Finance

How to day trade futures in the UK

Day trading is buying and selling a financial instrument within the same day or even multiple times over a day. Traders can do this in various markets, including stocks, forex, and futures. Futures are contracts that bind two parties to buy or sell an asset later at a predetermined price.

Day trading futures is a popular way to speculate on the direction of various markets without taking ownership of the underlying asset.

Traders should be aware of several things before getting started with day trading futures in the UK:

  • Understand the difference between spot and futures prices
  • Understand margin and how it is used in futures trading
  • Have a clear plan for risk management
  • Choose the right platform and broker
  • Get familiar with the most popular futures contracts traded in the UK
  • Know what news events can move the markets
  • Stay up-to-date with changes in regulation
  • Know how to use technology to your advantage

Open an account with a futures broker

The first step in day trading futures is to open an account with a broker that offers futures trading. Traders should consider several factors when selecting a broker, such as commission costs, platform fees, and the quality of customer service. It is also essential to ensure the broker is correctly regulated by the Financial Conduct Authority (FCA).

Choose a futures contract

There are many different types of futures contracts available for trading, so choosing one that aligns with your investment goals is essential. For example, if you are interested in day trading oil, you would want to choose a contract that shadows the price of crude oil. Other popular contracts include gold, silver, platinum, palladium, and copper.

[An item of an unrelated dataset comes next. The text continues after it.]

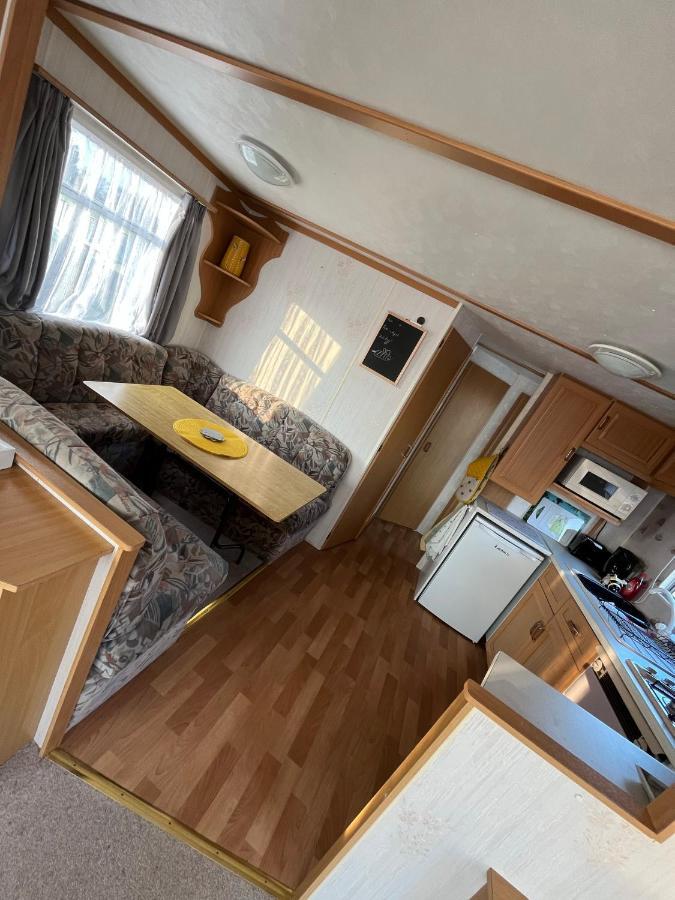 The Samanda Van Newport Caravan Park Hotell Hemsby Exteriör bild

Monitor the futures market

Once you have chosen a contract, you will need to monitor the markets to find trading opportunities closely. Traders can do this by following news events that might impact the price of the underlying asset, as well as using technical analysis to identify potential support and resistance levels.

Place your trade

Once you have found a trading opportunity you like, you must place your trade through your broker. You will need to specify the size of your position and your entry and exit prices. You must also remember to set up a stop-loss order to limit your losses if the market moves against you.

Manage your trade

Once your trade is placed, you will need to manage it to ensure that it stays profitable. It includes monitoring the markets for any changes that could impact your position and adjusting your stop-loss order accordingly. You will also need to be ready to take profits off the table when the market reaches your target price.

Close out your trade

When you are ready to close out your trade, you will need to place an order with your broker to sell your position. Once this order is filled, your trade will be complete, and you will have realised either a profit or a loss.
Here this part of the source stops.